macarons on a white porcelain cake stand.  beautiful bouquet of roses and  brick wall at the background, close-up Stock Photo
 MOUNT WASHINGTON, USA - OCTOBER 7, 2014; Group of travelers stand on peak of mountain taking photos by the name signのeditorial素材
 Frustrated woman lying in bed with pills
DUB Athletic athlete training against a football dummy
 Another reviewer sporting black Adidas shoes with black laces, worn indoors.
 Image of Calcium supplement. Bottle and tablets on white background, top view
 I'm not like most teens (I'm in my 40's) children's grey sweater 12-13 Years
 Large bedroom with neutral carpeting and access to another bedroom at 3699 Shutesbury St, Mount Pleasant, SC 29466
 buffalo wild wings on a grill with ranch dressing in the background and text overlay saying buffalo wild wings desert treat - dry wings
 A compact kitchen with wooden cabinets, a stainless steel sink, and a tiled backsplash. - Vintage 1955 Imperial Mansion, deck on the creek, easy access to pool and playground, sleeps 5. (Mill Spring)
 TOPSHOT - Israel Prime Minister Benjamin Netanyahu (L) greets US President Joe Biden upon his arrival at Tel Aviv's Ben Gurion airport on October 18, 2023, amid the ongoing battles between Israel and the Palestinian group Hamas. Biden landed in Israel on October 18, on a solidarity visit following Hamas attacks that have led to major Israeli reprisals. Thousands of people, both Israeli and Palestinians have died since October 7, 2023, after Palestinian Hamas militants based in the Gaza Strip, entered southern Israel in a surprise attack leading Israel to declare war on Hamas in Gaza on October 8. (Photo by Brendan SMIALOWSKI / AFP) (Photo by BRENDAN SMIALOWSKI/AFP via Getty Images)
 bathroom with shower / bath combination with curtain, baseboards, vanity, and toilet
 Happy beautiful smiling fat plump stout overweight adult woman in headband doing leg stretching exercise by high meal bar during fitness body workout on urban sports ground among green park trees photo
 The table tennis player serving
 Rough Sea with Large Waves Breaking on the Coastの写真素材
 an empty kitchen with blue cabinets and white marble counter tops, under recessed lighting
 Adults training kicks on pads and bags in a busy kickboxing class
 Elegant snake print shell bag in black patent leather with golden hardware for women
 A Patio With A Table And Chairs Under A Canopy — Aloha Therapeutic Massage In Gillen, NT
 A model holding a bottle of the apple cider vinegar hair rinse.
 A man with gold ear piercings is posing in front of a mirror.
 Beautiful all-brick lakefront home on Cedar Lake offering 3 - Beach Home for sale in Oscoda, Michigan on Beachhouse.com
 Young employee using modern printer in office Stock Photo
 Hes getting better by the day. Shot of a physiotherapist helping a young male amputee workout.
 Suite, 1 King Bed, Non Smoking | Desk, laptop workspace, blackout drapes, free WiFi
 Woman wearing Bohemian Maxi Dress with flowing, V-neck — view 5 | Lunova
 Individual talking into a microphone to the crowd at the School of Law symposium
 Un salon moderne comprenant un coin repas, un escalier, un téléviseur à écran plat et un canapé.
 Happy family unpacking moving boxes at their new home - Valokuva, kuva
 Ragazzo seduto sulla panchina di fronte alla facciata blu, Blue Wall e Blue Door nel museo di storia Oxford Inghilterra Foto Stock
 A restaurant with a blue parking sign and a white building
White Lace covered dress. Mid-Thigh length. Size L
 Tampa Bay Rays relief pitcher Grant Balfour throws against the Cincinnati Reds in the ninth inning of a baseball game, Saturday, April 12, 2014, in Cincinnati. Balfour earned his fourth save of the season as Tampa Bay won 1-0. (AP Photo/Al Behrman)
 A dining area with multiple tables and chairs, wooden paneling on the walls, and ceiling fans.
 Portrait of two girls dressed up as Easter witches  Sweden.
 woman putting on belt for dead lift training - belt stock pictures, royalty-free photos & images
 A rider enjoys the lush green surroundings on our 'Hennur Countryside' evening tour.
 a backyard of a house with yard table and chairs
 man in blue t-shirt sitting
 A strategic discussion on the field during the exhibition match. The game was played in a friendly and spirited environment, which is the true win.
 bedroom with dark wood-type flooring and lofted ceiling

----

Nothing in the listing should change; repeat it in full.

macarons on a white porcelain cake stand.  beautiful bouquet of roses and  brick wall at the background, close-up Stock Photo
 MOUNT WASHINGTON, USA - OCTOBER 7, 2014; Group of travelers stand on peak of mountain taking photos by the name signのeditorial素材
 Frustrated woman lying in bed with pills
DUB Athletic athlete training against a football dummy
 Another reviewer sporting black Adidas shoes with black laces, worn indoors.
 Image of Calcium supplement. Bottle and tablets on white background, top view
 I'm not like most teens (I'm in my 40's) children's grey sweater 12-13 Years
 Large bedroom with neutral carpeting and access to another bedroom at 3699 Shutesbury St, Mount Pleasant, SC 29466
 buffalo wild wings on a grill with ranch dressing in the background and text overlay saying buffalo wild wings desert treat - dry wings
 A compact kitchen with wooden cabinets, a stainless steel sink, and a tiled backsplash. - Vintage 1955 Imperial Mansion, deck on the creek, easy access to pool and playground, sleeps 5. (Mill Spring)
 TOPSHOT - Israel Prime Minister Benjamin Netanyahu (L) greets US President Joe Biden upon his arrival at Tel Aviv's Ben Gurion airport on October 18, 2023, amid the ongoing battles between Israel and the Palestinian group Hamas. Biden landed in Israel on October 18, on a solidarity visit following Hamas attacks that have led to major Israeli reprisals. Thousands of people, both Israeli and Palestinians have died since October 7, 2023, after Palestinian Hamas militants based in the Gaza Strip, entered southern Israel in a surprise attack leading Israel to declare war on Hamas in Gaza on October 8. (Photo by Brendan SMIALOWSKI / AFP) (Photo by BRENDAN SMIALOWSKI/AFP via Getty Images)
 bathroom with shower / bath combination with curtain, baseboards, vanity, and toilet
 Happy beautiful smiling fat plump stout overweight adult woman in headband doing leg stretching exercise by high meal bar during fitness body workout on urban sports ground among green park trees photo
 The table tennis player serving
 Rough Sea with Large Waves Breaking on the Coastの写真素材
 an empty kitchen with blue cabinets and white marble counter tops, under recessed lighting
 Adults training kicks on pads and bags in a busy kickboxing class
 Elegant snake print shell bag in black patent leather with golden hardware for women
 A Patio With A Table And Chairs Under A Canopy — Aloha Therapeutic Massage In Gillen, NT
 A model holding a bottle of the apple cider vinegar hair rinse.
 A man with gold ear piercings is posing in front of a mirror.
 Beautiful all-brick lakefront home on Cedar Lake offering 3 - Beach Home for sale in Oscoda, Michigan on Beachhouse.com
 Young employee using modern printer in office Stock Photo
 Hes getting better by the day. Shot of a physiotherapist helping a young male amputee workout.
 Suite, 1 King Bed, Non Smoking | Desk, laptop workspace, blackout drapes, free WiFi
 Woman wearing Bohemian Maxi Dress with flowing, V-neck — view 5 | Lunova
 Individual talking into a microphone to the crowd at the School of Law symposium
 Un salon moderne comprenant un coin repas, un escalier, un téléviseur à écran plat et un canapé.
 Happy family unpacking moving boxes at their new home - Valokuva, kuva
 Ragazzo seduto sulla panchina di fronte alla facciata blu, Blue Wall e Blue Door nel museo di storia Oxford Inghilterra Foto Stock
 A restaurant with a blue parking sign and a white building
White Lace covered dress. Mid-Thigh length. Size L
 Tampa Bay Rays relief pitcher Grant Balfour throws against the Cincinnati Reds in the ninth inning of a baseball game, Saturday, April 12, 2014, in Cincinnati. Balfour earned his fourth save of the season as Tampa Bay won 1-0. (AP Photo/Al Behrman)
 A dining area with multiple tables and chairs, wooden paneling on the walls, and ceiling fans.
 Portrait of two girls dressed up as Easter witches  Sweden.
 woman putting on belt for dead lift training - belt stock pictures, royalty-free photos & images
 A rider enjoys the lush green surroundings on our 'Hennur Countryside' evening tour.
 a backyard of a house with yard table and chairs
 man in blue t-shirt sitting
 A strategic discussion on the field during the exhibition match. The game was played in a friendly and spirited environment, which is the true win.
 bedroom with dark wood-type flooring and lofted ceiling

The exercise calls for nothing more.